IN THE COURT OF APPEAL, FIJI
[On Appeal from the High Court]


CRIMINAL APPEAL NO. AAU 044 of 2021
[In the High Court at Suva Case No. HAC 20 of 2020]


BETWEEN:
NIMATI QIONIMUA
Appellant


AND:
THE STATE
Respondent


Coram: Prematilaka, RJA


Counsel: Mr. M. Fesaitu and Ms. Vulimainadave for Appellant
Mr. L. Burney for the Respondent


Date of Hearing: 05 December 2023
Date of Ruling: 11 December 2023


RULING


[1] The appellant had been charged in the High Court at Suva with one representative count of rape under the Penal Code. The victim (aged 13) was the appellant’s step daughter. The information read as follows:

COUNT ONE

(Representative Count)

Statement of Offence

RAPE: Contrary to Section 149 and 150 of the Penal Code.


Particulars of Offence

NIMATI QIONIMUA , between the 1st day of January 1987 and 28th day of January 1994, at Waibau, Naitasiri, in the Eastern Division, penetrated the vagina of TT, with his penis, without her consent.


[2] The assessors had unanimously opined that the appellant was guilty of rape. Having agreed with their opinion, the trial judge had convicted the appellant accordingly and sentenced him on 08 March 2021 to head sentence of 13 years imprisonment with a non-parole period of 08 years after deducting a period of remand of 01 year.


[3] The appellant had lodged in person a timely appeal against conviction and sentence. In terms of section 21(1)(b) and (c) of the Court of Appeal Act, the appellant could appeal against conviction and sentence only with leave of court. For a timely appeal, the test for leave to appeal against conviction and sentence is ‘reasonable prospect of success’ [see Caucau v State [2018] FJCA 171; AAU0029 of 2016 (04 October 2018), Navuki v State [2018] FJCA 172; AAU0038 of 2016 (04 October 2018) and State v Vakarau [2018] FJCA 173; AAU0052 of 2017 (04 October 2018), Sadrugu v The State [2019] FJCA 87; AAU 0057 of 2015 (06 June 2019) and Waqasaqa v State [2019] FJCA 144; AAU83 of 2015 (12 July 2019) that will distinguish arguable grounds [see Chand v State [2008] FJCA 53; AAU0035 of 2007 (19 September 2008), Chaudry v State [2014] FJCA 106; AAU10 of 2014 (15 July 2014) and Naisua v State [2013] FJSC 14; CAV 10 of 2013 (20 November 2013)] from non-arguable grounds [see Nasila v State [2019] FJCA 84; AAU0004 of 2011 (06 June 2019)].

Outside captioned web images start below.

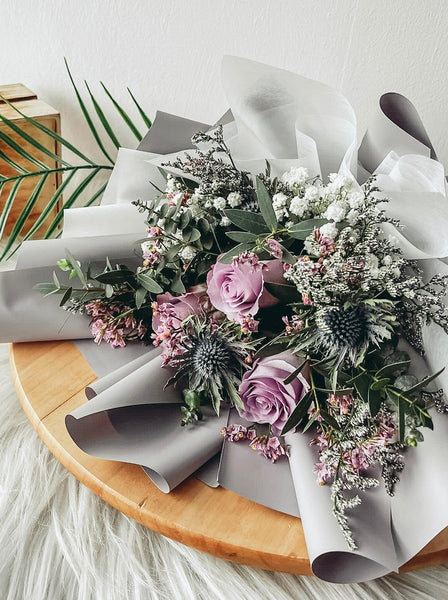 Anastasia- 3 Stalks Fresh Roses Bouquet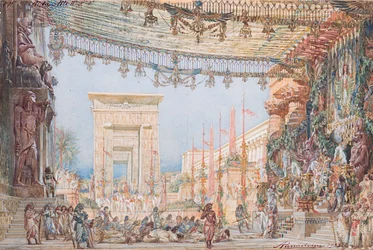 Giuseppe Verdin Opera Aidan lavastus, 1923.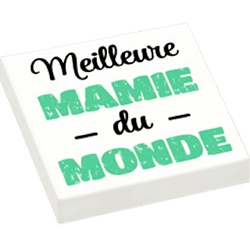 Plaque - "Meilleure Mamie du Monde" Lego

[4] However, the appellant had lodged on 09 August 2023 a Form 3 seeking to abandon his sentence appeal and I put to the appellant all questions on the guidelines given in Masirewa v. State Criminal Appeal No. CAV0014 of 2008S:17 August 2010 [2010] FJSC 5. Having been satisfied with the appellant’s intention to abandon his appeal voluntarily and other matters, his application was allowed and the appeal against sentence was deemed abandoned under Rule 39 of the Court of Appeal Act.


[5] The trial judge had summarized the facts in the sentencing order as follows:

‘[5]. You are the complainant’s step-father. The complainant is now 44 years of age. Her date of birth is 7 December 1976. She clearly testified to the incidents which took place since she was in Class 7. She said that she was in Class 7 in 1990. Thus she would have just turned 13 at the time.

[6] The complainant testified that you penetrated her vagina with your penis 2-3 times a week. This had continued until 28 January 1994, the day she had given birth to her eldest child, who was fathered by you. Thus you had been sexually abusing the complainant for a period of over 4 years. It is clear that the complainant was a juvenile at the time you committed these offences on her.’


[6] The prosecution had called the victim and the appellant had given evidence on his behalf. His defense was ‘consent’.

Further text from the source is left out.